For ideographs, the name is derived by rule, by concatenating the string "CJK UNIFIED IDEOGRAPH-" or "CJK COMPATIBILITY IDEOGRAPH-" (or other as specified, e.g. "TANGUT IDEOGRAPH-") to the code point, expressed in hexadecimal, with the usual 4 to 6 digit convention. The exact ranges subject to these name derivations are specified by a name range convention used in field 1 of UnicodeData.txt.
For other Graphic and Format characters, the name is as listed in field 1 of UnicodeData.txt.
For C0 control codes (U+0000..U+001F), the name is as ISO 6429: 1992, which is listed in field 10 of UnicodeData.txt, removing any parentheticals (such as "(FF)").
For all other Unicode code points, the value of the UCD Name property is constructed from combining a prefix with the code point value, expressed in hexadecimal, with the usual 4 to 6 digit convention. The prefix corresponds to the type of the Code Point Type (control, reserved, noncharacter, private-use, or surrogate) plus "-". For example: "control-009F", "surrogate-D800".

When displayed in mixed contexts, to emphasize the distinction between graphic/format code point names and others, the latter are often displayed between angle brackets: <control-0009>, <noncharacter-FFFF>, etc.

Note that the Unicode Name property values are unique for all code points. Furthermore, the Name property value uniqueness requirement interacts with name assignment rules for formal aliases and for named character sequences: Unicode character names, formal aliases, and named character sequences constitute a single, unique namespace.
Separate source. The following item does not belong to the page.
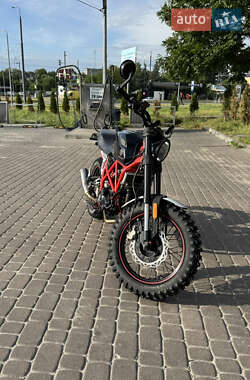 Скремблер Geon Scrambler 2019 в 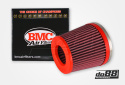 BMC Twin Air Konisk Luftfilter, Forbindelse 150mm, Lengde 140mm BMC Twin Air Konisk Luftfilter, Forbindelse 150mm, Lengde 140mm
The Name property values for all but reserved code points will not be changed. The Name property values for reserved code points will change if a character is assigned to the code point. For more information, see the Unicode Encoding Stability Policies.

As corollary to this specification, it should be noted that the value of Field 1 (the string of characters between the semicolon separators) is to be taken as the normative specification of the UCD Name property only for Graphic and Format characters other than ideographs and Hangul syllables. All other values which occur in field 1 are labels that serve other functions in the generation of names lists and charts, or to label abbreviated ranges of property definitions, but do not constitute values of the UCD Name property per se.

For any encoded character, the term "Character name" refers to the Code Point Name.

[[ In TUS 5.0, on page 79, after the existing definition D10 Code Point, insert the following new definitions. ]]

D10a Code Point Type: Any of the seven fundamental classes of code points in the standard: Graphic, Format, Control, Private-Use, Surrogate, Noncharacter, Reserved.

See Table 2-3, "Types of Code Points" for a summary of the meaning and use of each class.
For Noncharacter, see also D14 Noncharacter.
For Reserved, see also D15 Reserved code point.
For Private-Use, see also D49 Private-use code point.
For Surrogate, see also D71 High-surrogate code point and D73 Low-surrogate code point.

[[The current stability policy is:]]

Once a character is encoded, its character name will not be changed.

[[A request should be made to the officers to extend this to:]]

The Unicode Name Property Value for any non-reserved code point will not be changed. In particular, once a character is encoded its name will not be changed.